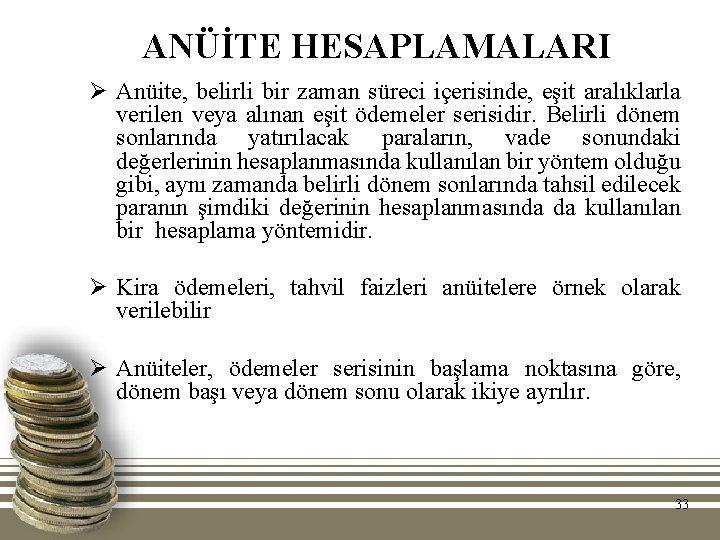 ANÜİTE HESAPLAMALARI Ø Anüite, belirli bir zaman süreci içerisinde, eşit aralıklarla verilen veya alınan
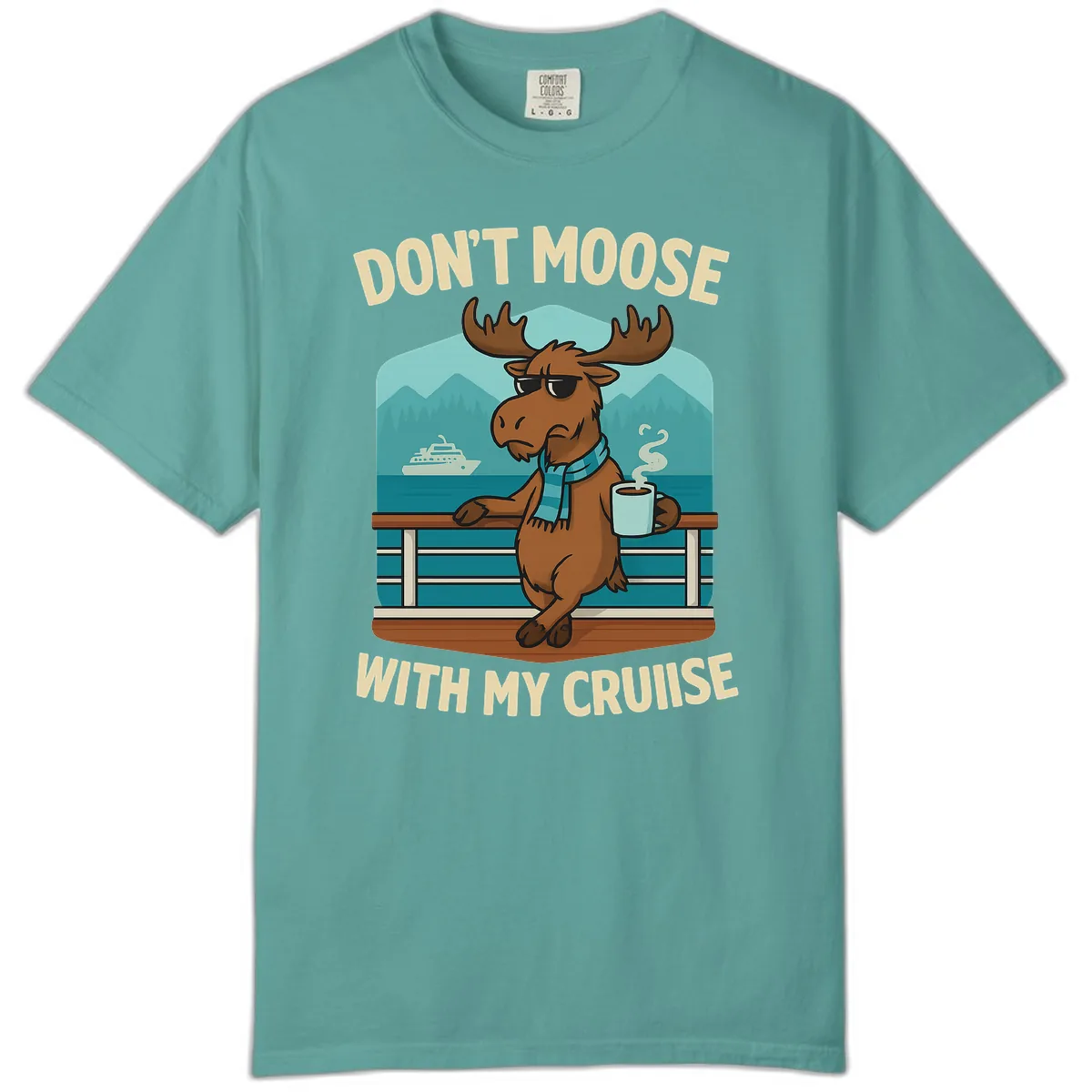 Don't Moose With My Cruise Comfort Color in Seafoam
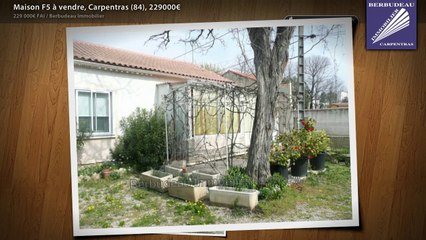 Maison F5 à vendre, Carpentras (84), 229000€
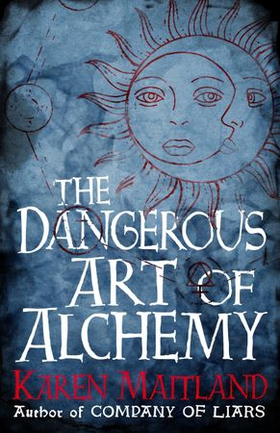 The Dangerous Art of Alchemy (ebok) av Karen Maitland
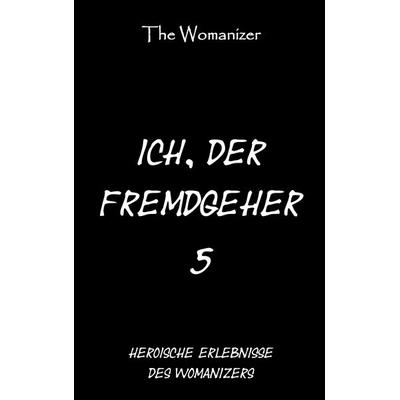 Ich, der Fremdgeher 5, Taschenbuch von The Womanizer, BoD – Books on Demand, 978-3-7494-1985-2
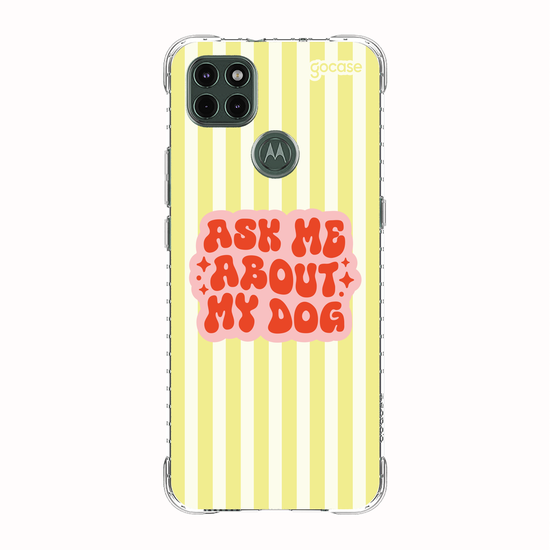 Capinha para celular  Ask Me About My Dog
########################################
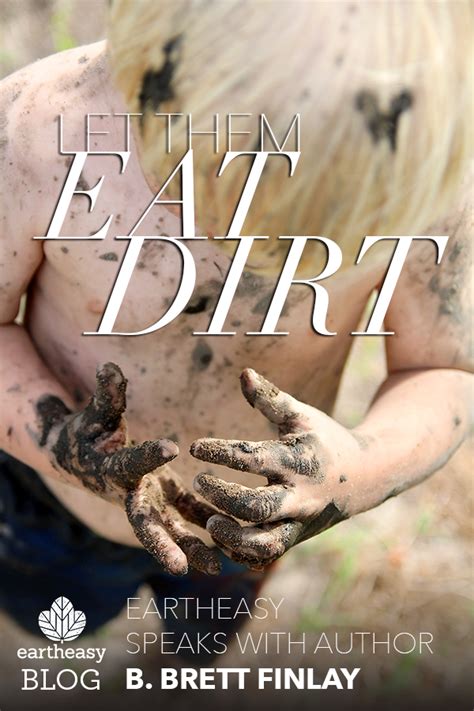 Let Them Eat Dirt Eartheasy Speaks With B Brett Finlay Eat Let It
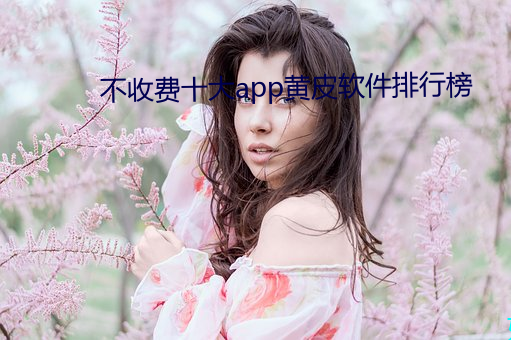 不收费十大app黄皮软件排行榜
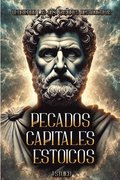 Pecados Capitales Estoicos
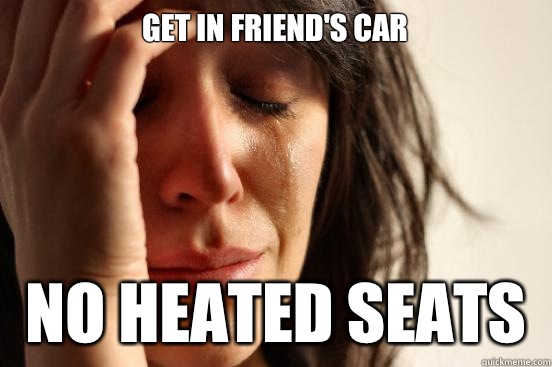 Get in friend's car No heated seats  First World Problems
########################################
What is required |
Pictures excluded, transcribe the listing above exactly from the line with "ANÜİTE HESAPLAMALARI Ø" through the line with "Capinha para celular", and no further.

Answer to this exercise |
 ANÜİTE HESAPLAMALARI Ø Anüite, belirli bir zaman süreci içerisinde, eşit aralıklarla verilen veya alınan
 Don't Moose With My Cruise Comfort Color in Seafoam
 Maison F5 à vendre, Carpentras (84), 229000€
 The Dangerous Art of Alchemy (ebok) av Karen Maitland
 Ich, der Fremdgeher 5, Taschenbuch von The Womanizer, BoD – Books on Demand, 978-3-7494-1985-2
 Capinha para celular  Ask Me About My Dog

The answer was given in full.